January 18, 2011 by Zack
“Black Swan” is what I consider to be a “performance film” in which the lead character or characters drive the actual film. I also call these film “Actor films” because the reason you watch the film is for the performance of the actor, not necessarily for the plot. Recent examples of this would include “Crazy Heart” and “The Wrestler”, Darren Aronofsky’s previous film. It’s not that the film is bad or underwhelming. But the strength is in the performance, and in “Black Swan”, this is Natalie Portman’s dime and dance floor. In this case, she’s wearing ballet shoes. And my oh my, does she own the screen.
The story itself lays itself parallel with “Swan Lake”, the ballet that her character, Nina, has been chosen to play the lead of.

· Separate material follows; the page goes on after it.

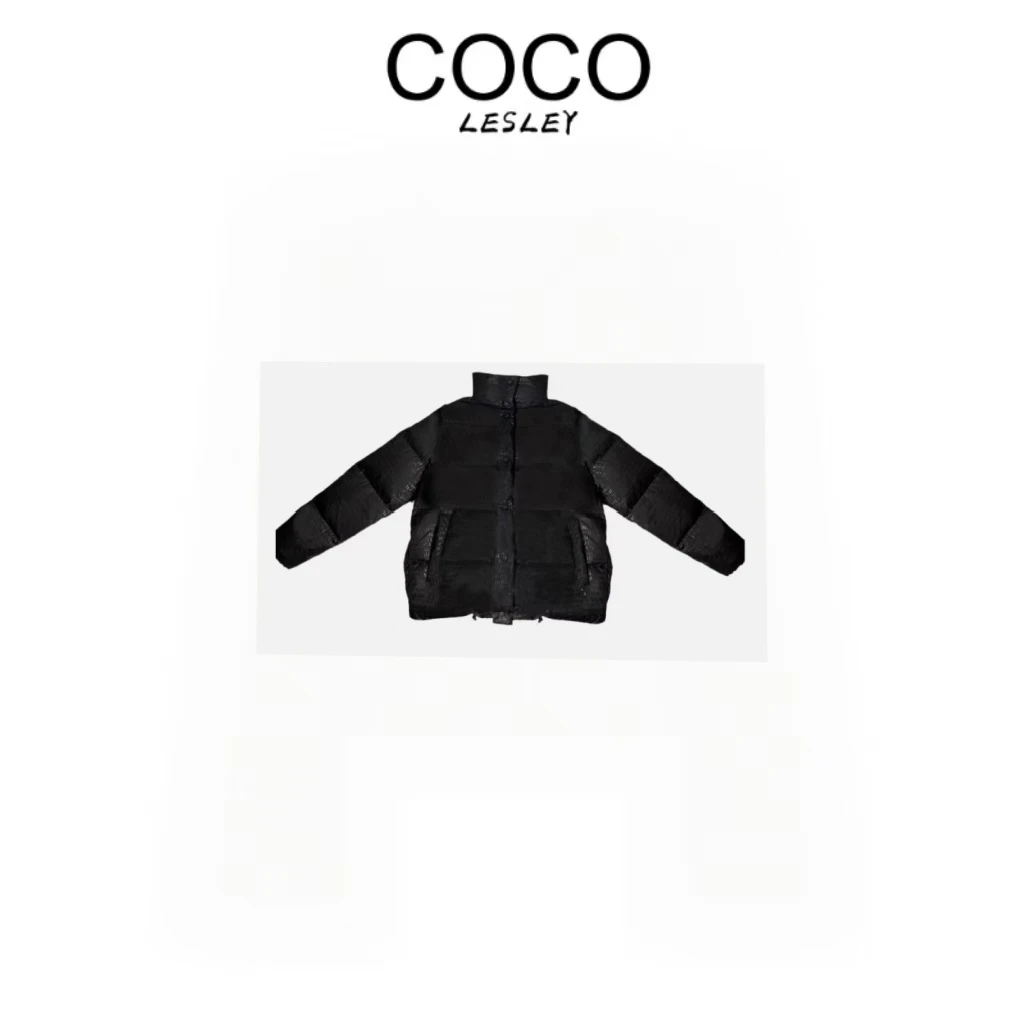 【COCO LESLEY】时尚百搭字母满印冬季情侣款加厚羽绒服3207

As the Swan Queen, her character undergoes a metamorphosis from being the frail, fragile White Swan to the more sinister and seductive Black Swan. Nina represents the White Swan perfectly; but she cannot pull off the sensuality of the Black Swan. She is given an alternate (or understudy) named Erica (played nicely by Mila Kunis) and Nina’s paranoia of losing her spot to this girl, who perfects the Black Swan persona, drives her deeper into madness as the film progresses.
The visuals and symbols are nice but they’re very obvious and predictable. It’s a very familiar story. After all, it’s “Swan Lake”. The music numbers are instantly recognizable even if you’re not into ballet at all. The film moves at a fairly good pace; Aronofsky knows what you want to see. And yes, the scene between Kunis and Portman is highly stimulating.
The film is just fine; but it’s Portman’s masterful performance as the quivering and scared Nina and her transformation into the dark, angry and volatile Nina. Her range is fantastic and she shines through and makes this film seem better than it is. This is her moment, and she will definitely be the front runner for Best Actress this year.
Looking at Aronofsky’s last two films, I still think “The Wrestler” is a better picture because it does take a more creative angle while this film stays completely within the bookends of “Swan Lake” and doesn’t transcend anything else. You can follow Nina’s journey knowing exactly what will happen. The suspense scenes draw very little excitement and the climax is anticipated without too much fervor. There are, however, some fantasy scenes involving some self-inflicted wounds that are a bit hard to watch.
Overall, it’s a must see picture only because of Portman’s achievement here. The film is fine; but without her, I don’t think it’s something you have to see. Portman carries this movie over the edge, the way Will Smith did with “I Am Legend”. This is a far superior film to “I Am Legend”, but sometimes just to see an actor at their best is worth the price of admission regardless.